Previous studies have shown that cardiac resynchronization therapy (CRT) improves cardiac performance and decreases mortality and hospital admission rates. However, it is not yet clear which patients will benefit from the procedure the most. The purpose of the study was to identify the pre-implant characteristics that better predict which patients will have the best outcome after CRT.
In this observational study, 156 patients were studied with echocardiography and a 6-minute walking test at baseline and 12 months after CRT.
After CRT, we observed an increase in left ventricular ejection fraction (+29.6%, P < .0001), a decrease in left ventricular end systolic volume (-26.4%, P < .0001), in the proportion of patients with grade 2-4 mitral regurgitation (from 47.1% to 34.0%, P = .002), and with NYHA functional class III-IV (from 83.2% to 11.6%, P < .0001), an increase in exercise tolerance (+31.1%, P < .0001). Sixty-two patients had a marked increase in left ventricular ejection fraction (> 10 units); the only independent predictor of a marked effect of CRT was the nonischemic etiology of heart failure. In patients with ischemic cardiomyopathy, the benefit on ejection fraction correlates inversely with the extension of the ischemic damage.

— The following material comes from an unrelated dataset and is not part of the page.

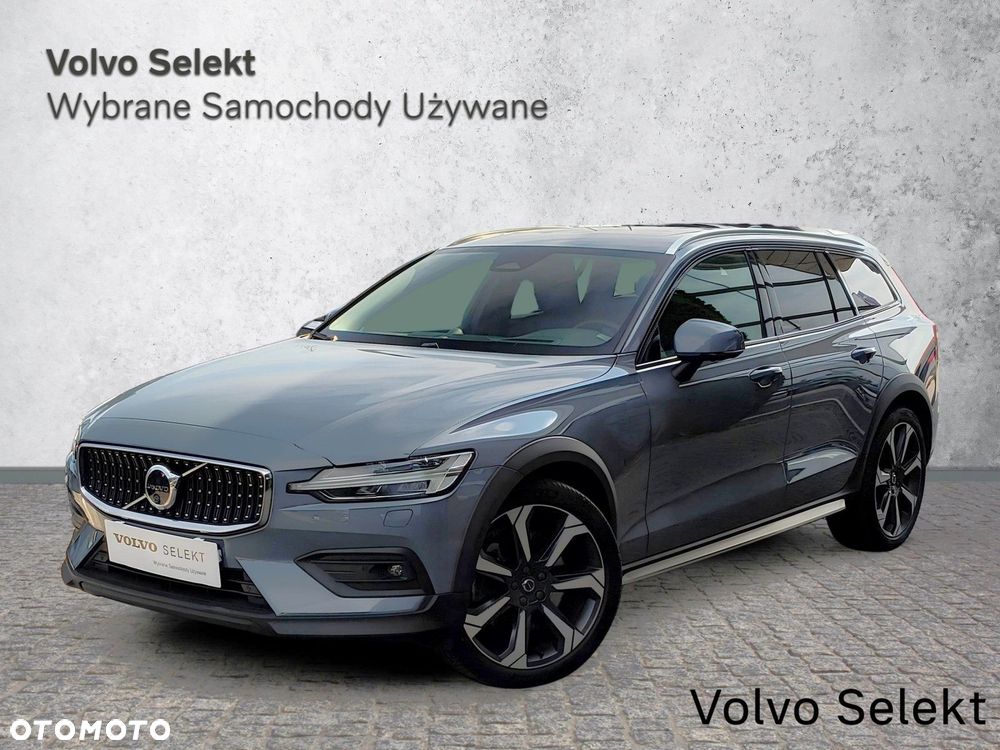 Volvo V60 Cross Country - 2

CRT improves left ventricular function and exercise tolerance in the long term. The nonischemic etiology of the cardiomyopathy is the only independent predictor of a marked effect of CRT; this is probably due to the absence of ischemic, nonviable scar tissue in these patients.
既往研究表明,心脏再同步化治疗(CRT)可改善心脏功能,降低死亡率和住院率。然而,目前尚不清楚哪些患者将从该治疗中获益最大。本研究的目的是确定植入前特征,以更好地预测哪些患者在CRT后会有最佳预后。

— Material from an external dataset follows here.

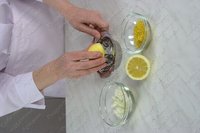 Макрель жареная с медово-лимонным соусом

在这项观察性研究中,对156例患者在基线时以及CRT后12个月进行了超声心动图检查和6分钟步行试验。
CRT后,我们观察到左心室射血分数增加(+29.6%,P <.0001),左心室收缩末期容积减少(-26.4%,P <.0001),2-4级二尖瓣反流患者比例下降(从47.1%降至34.0%,P =.002),纽约心脏协会(NYHA)心功能Ⅲ-Ⅳ级患者比例下降(从83.2%降至11.6%,P <.0001),运动耐量增加(+31.1%,P <.0001)。62例患者左心室射血分数显著增加(>10个单位);CRT显著疗效的唯一独立预测因素是心力衰竭的非缺血性病因。在缺血性心肌病患者中,射血分数改善程度与缺血损伤范围呈负相关。
CRT可长期改善左心室功能和运动耐量。心肌病的非缺血性病因是CRT显著疗效的唯一独立预测因素;这可能是由于这些患者不存在缺血性、无存活心肌的瘢痕组织。